Dapat dikatakan dia menyerang filsafat dengan meminjam senjata filsafat. Itu yang bisa menjelaskan mengapa argumen dan gagasan-gagasan Al-Ghazali begitu berpengaruh, hingga muncul tuduhan bahwa dia bertanggungjawab atas kemunduran filsafat dan dunia Islam secara umum.
Jadi gagasan dan karya-karya Al-Ghazali tentang cinta, kebahagiaan dan penderitaan harus dibaca dalam konteks pengalaman dan proses pencarian panjang itu.
Dia berpendapat bahwa sumber kebahagiaan sejati tidak dapat diperoleh melalui rasionalitas semata tetapi terletak pada cinta yang tulus kepada tuhan.
Apalagi dalam diri manusia juga terdapat jiwa hewani, nabati, syaitaniyah dan insaniyah. Kecenderungan manusia kepada tiga jenis jiwa pertama—yang cenderung dikuasai nafsu yang buruk—adalah sumber penderitaan manusia.
Sebaliknya, agar bahagia manusia harus didorong kepada jiwa insaniyah karena di dalamnya terdapat unsur-unsur ilahiyah. Salah satunya cinta. Karena berasal dari Tuhan maka cinta itu bersifat abadi dan tak akan hilang.
Mustahil manusia menolak cinta Tuhannya—sebrengsek apapun manusia. Energi cinta itu tetap ada. Manusia akan selalu terdorong untuk kembali kepada Tuhan meski hidupnya penuh noda.
Cinta Itu pula yang menjadi kunci keberlangsungan eksistensi manusia.
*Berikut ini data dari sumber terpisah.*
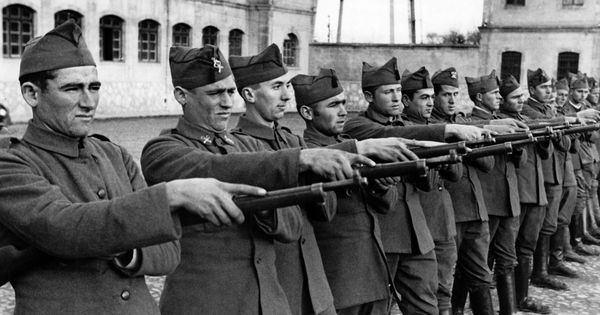 Foto: Nuevos reclutas del bando rebelde, en Salamanca, febrero de 1937. (Berliner Verlag)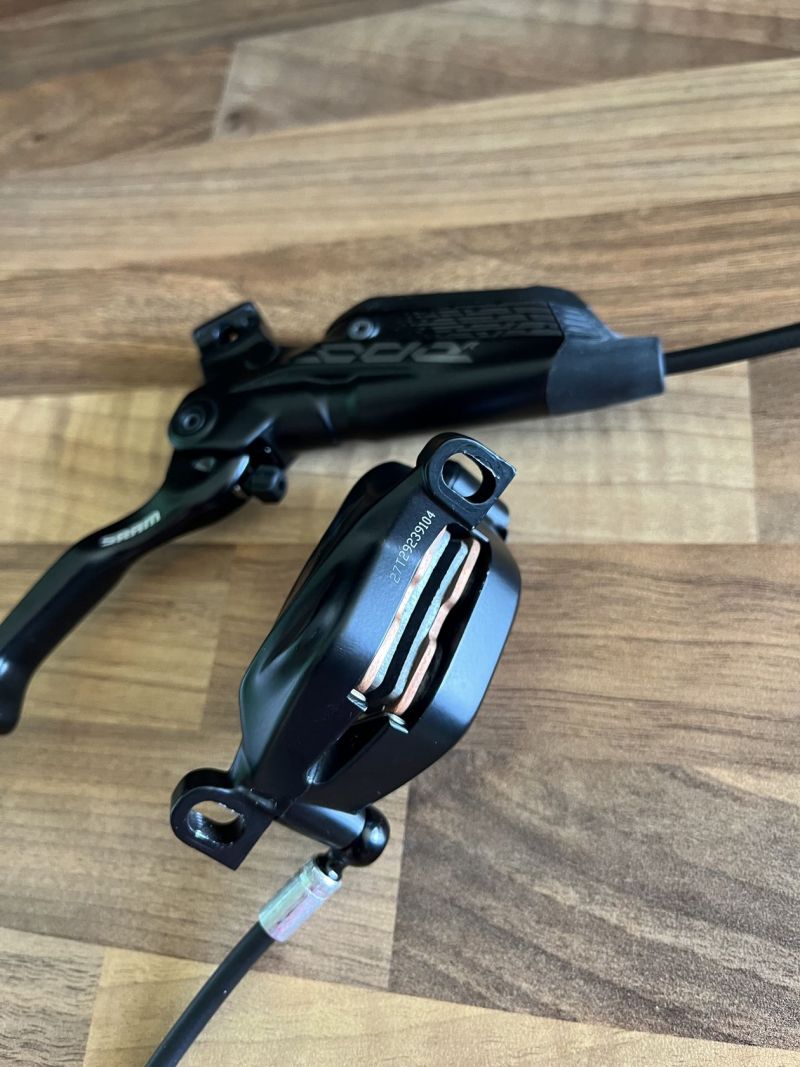 SRAM Code R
Manusia seharusnya merupakan spesies yang sudah lama punah karena paling banyak menumpahkan darah sekaligus juga paling rentan dibandingkan spesies lainnya.
Tetapi cintalah yang membuat manusia tetap survive. Cinta itulah yang menyebabkan manusia tetap bertahan.
Tetapi Al-Ghazali juga menjelaskan bahwa cinta yang salah adalah sumber penderitaan. Lantas apa itu kebahagiaan? Untuk mengetahui kebahagiaan kita harus memahami dulu apa itu penderitaan.
Penderitaan adalah perasaan terluka akibat kehilangan sesuatu yang berharga. Menurut Al-Ghazali manusia mengalami penderitaan fisik karena keliru menempatkan rasa cinta yakni mencintai sesuatu yang nisbi seperti makhluk, harta, jabatan, status sosial dan lainnya termasuk rasionalitas.
Padahal semuanya itu tidak abadi. Agar manusia mencapai kebahagiaan sejati seharusnya dia mencintai sesuatu yang bersifat kekal yakni Tuhan.